Pygmalion est un film britannique de 1938 avec en tête d'affiche Leslie Howard et Wendy Hiller. Le film a été un succès financier et critique et a remporté un Oscar du meilleur scénario (George Bernard Shaw, Cecil Lewis, Ian Dalrymple et W.P. Lipscomb) et trois autres nominations: pour le meilleur film, le meilleur acteur (Howard) et la meilleure actrice (Hiller). La réaction de Shaw n'a pas été tendre, et avouons-le, un peu prétentieuse envers les Américains: "C'est une insulte que de me proposer une distinction honorifique, comme si ils n'avaient jamais entendu parler de moi auparavant - et il est très probable que c'est le cas. Ils pourraient aussi envoyer une récompense à George pour être roi de Angleterre."
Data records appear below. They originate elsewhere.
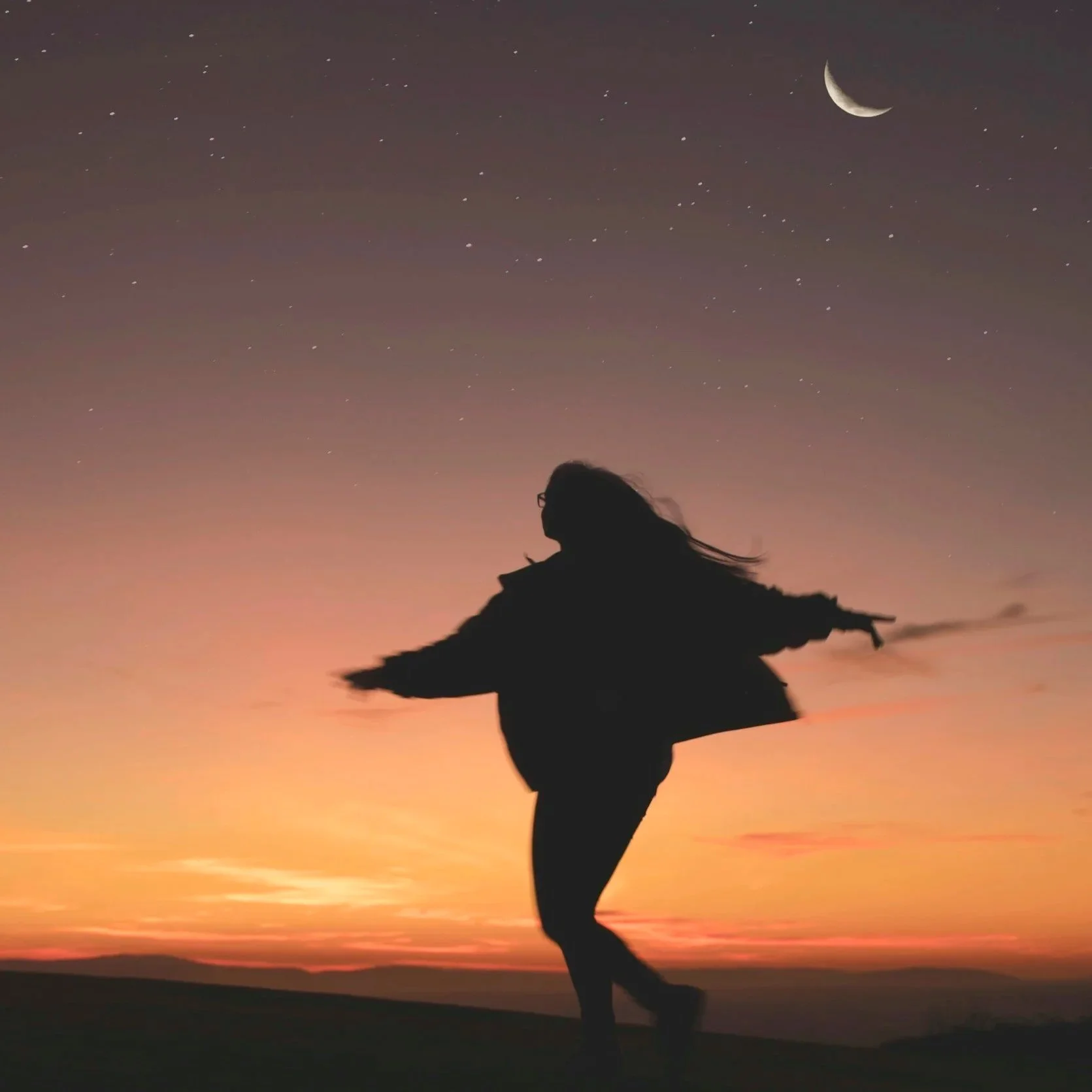 Woman dancing at sunset under the moon in a mystical way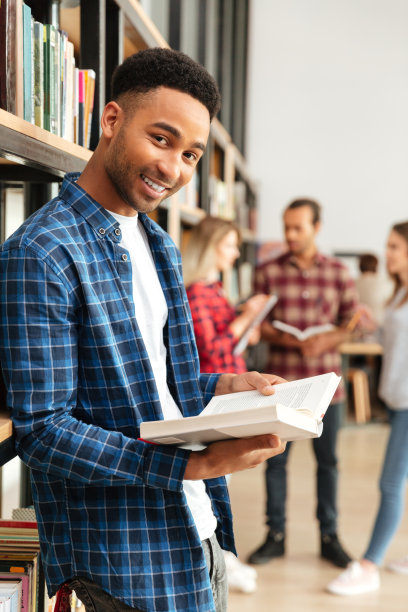 年轻快乐的非洲男子学生站在图书馆看书图片下载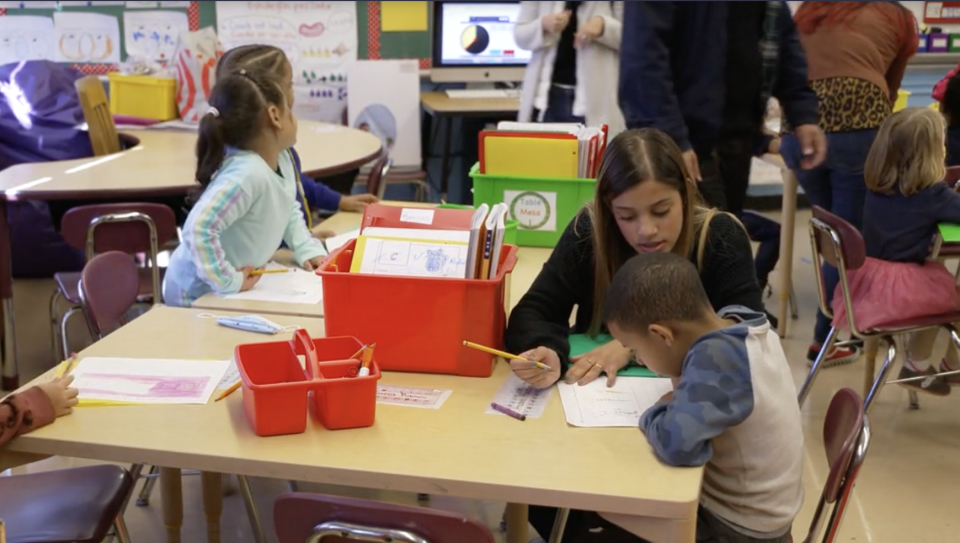 A teacher helps a student P.S. 145, a public school on New York City's Upper West Side. / Credit: CBS News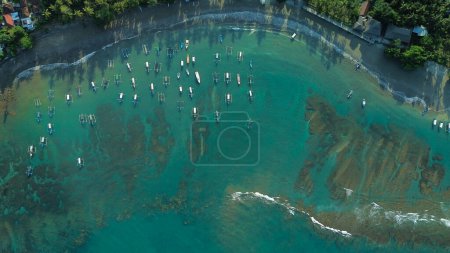 Photo for Aerial view of fishing boats parked off the shore of the tropical island of Bali. Colorful fishermens boats near the beach, top-down view. Adventure and travel concept. - Royalty Free Image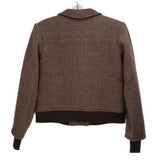 Brown herringbone jacket back view with yoke seam and ribbed cuffs and hem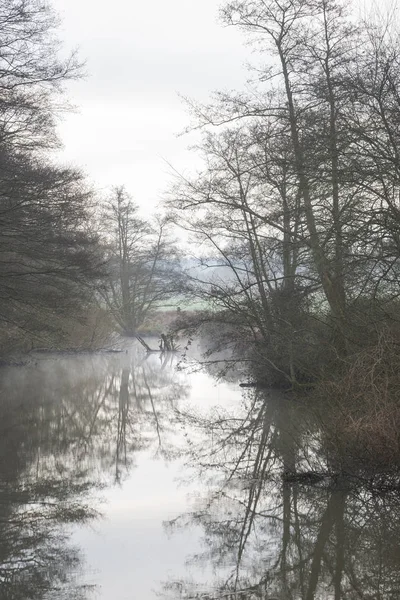 Low hanging misty morning landscape over calm stream in English — Stock Photo, Image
Le producteur hongrois Gabriel Pascal souhaitait créer un ensemble de films basés sur les œuvres de Shaw, en commençant par Pygmalion, et est allé voir Shaw en personne pour obtenir l'autorisation de le faire. Comme nous l'avons vu, Shaw hésitait à autoriser une adaptation cinématographique de Pygmalion en raison de la qualité médiocre des précédentes adaptations cinématographiques de ses œuvres, mais Pascal réussit à le convaincre (à la condition que Shaw conserve une supervision personnelle constante de l'adaptation) et poursuivit plus tard, adaptant Major Barbara, César et Cléopâtre et Androclès et le lion.

Mais intéressons-nous à ce qui a fait que Shaw a fait confiance à cet homme si différent de lui...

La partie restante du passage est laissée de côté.